What needs to be done: What are the lines, word for word, from the line with "Sirdar Country Classic" up to and including the line with "Milkybar White Chocolate Sharing Bar 90g PMP" in the records below? Omit the pictures.

Information supplied:
┄┄┄┄┄┄┄┄┄┄
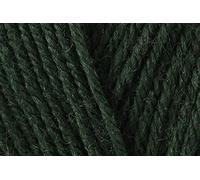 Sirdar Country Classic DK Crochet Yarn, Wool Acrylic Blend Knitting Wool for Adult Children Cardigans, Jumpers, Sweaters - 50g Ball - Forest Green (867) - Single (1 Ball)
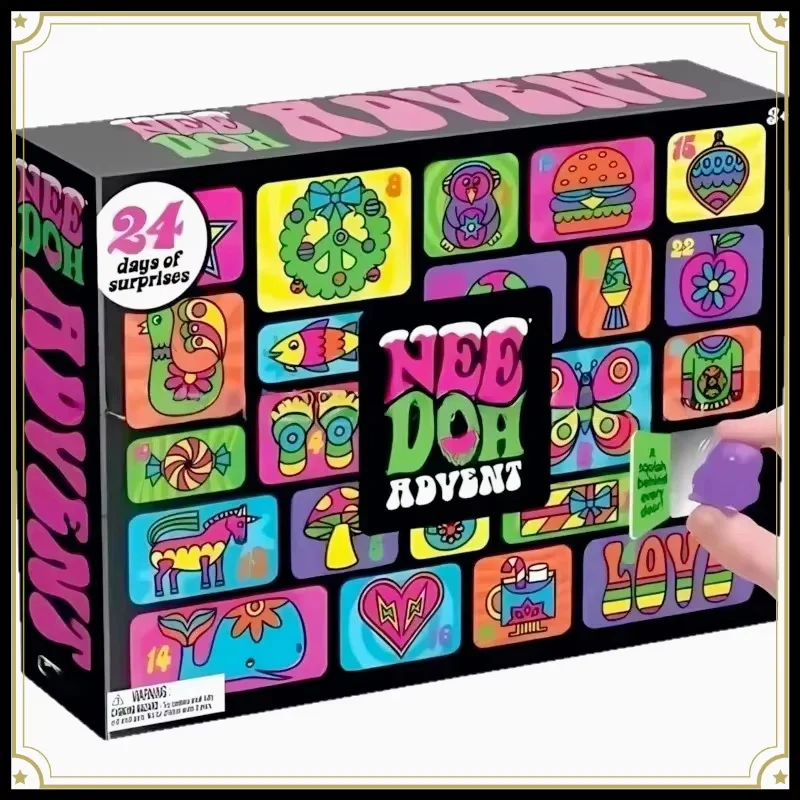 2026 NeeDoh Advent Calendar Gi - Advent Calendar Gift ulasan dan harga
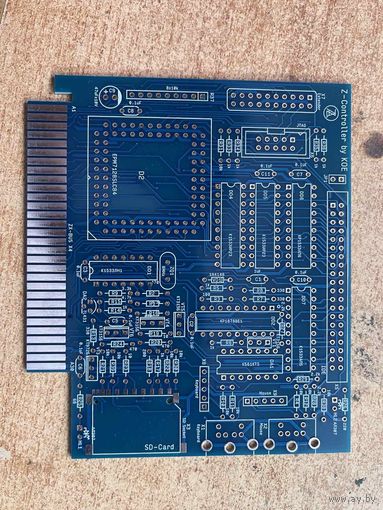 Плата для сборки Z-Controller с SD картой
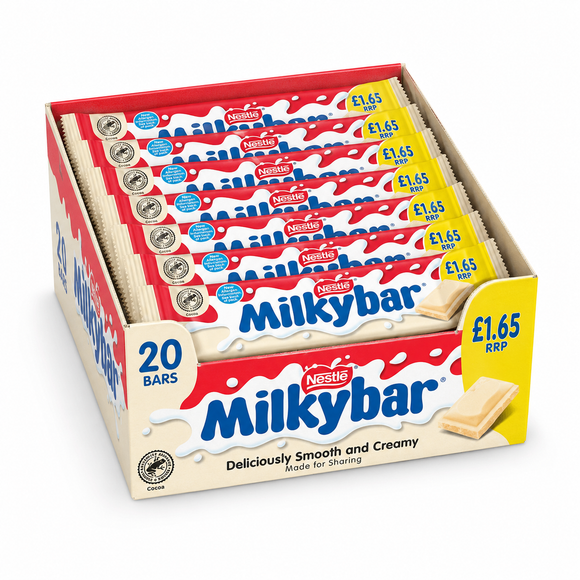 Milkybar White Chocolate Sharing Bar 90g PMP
┄┄┄┄┄┄┄┄┄┄
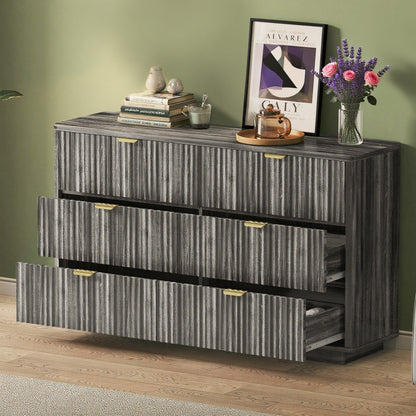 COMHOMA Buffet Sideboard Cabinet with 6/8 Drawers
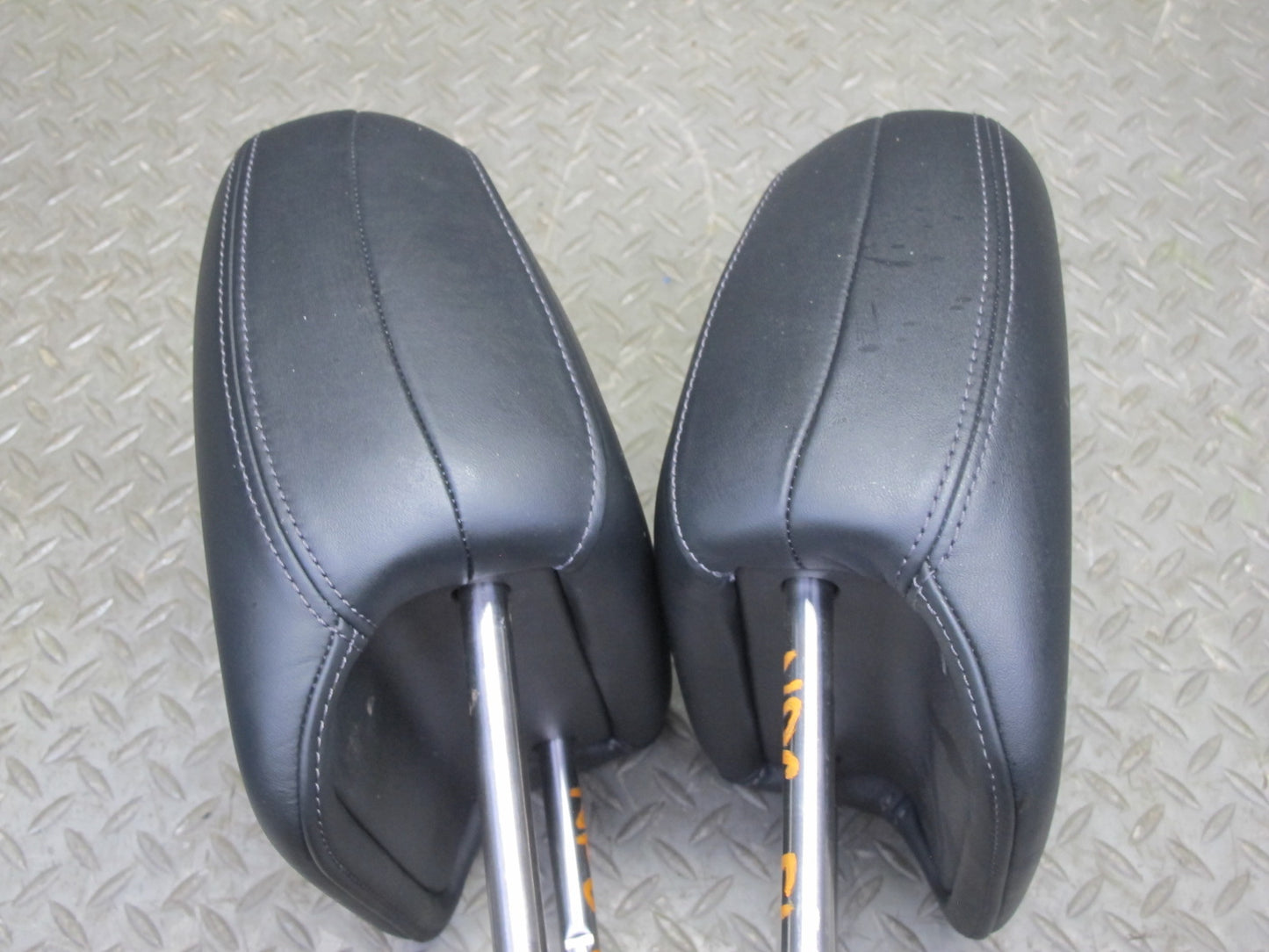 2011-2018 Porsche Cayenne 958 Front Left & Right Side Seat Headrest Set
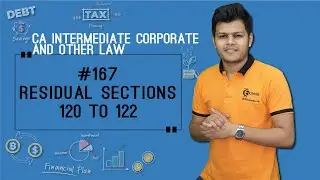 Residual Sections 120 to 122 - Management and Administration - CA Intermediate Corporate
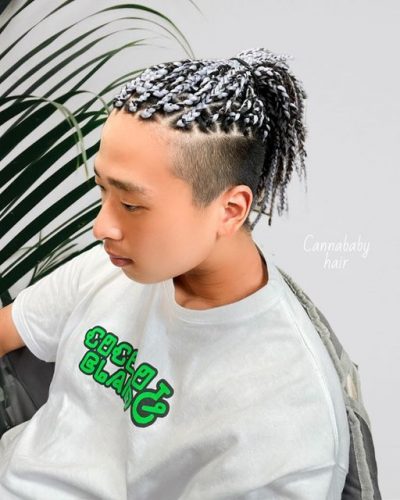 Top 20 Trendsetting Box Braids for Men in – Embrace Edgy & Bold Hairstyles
┄┄┄┄┄┄┄┄┄┄
Result for this exercise:
 Sirdar Country Classic DK Crochet Yarn, Wool Acrylic Blend Knitting Wool for Adult Children Cardigans, Jumpers, Sweaters - 50g Ball - Forest Green (867) - Single (1 Ball)
 2026 NeeDoh Advent Calendar Gi - Advent Calendar Gift ulasan dan harga
 Плата для сборки Z-Controller с SD картой
 Milkybar White Chocolate Sharing Bar 90g PMP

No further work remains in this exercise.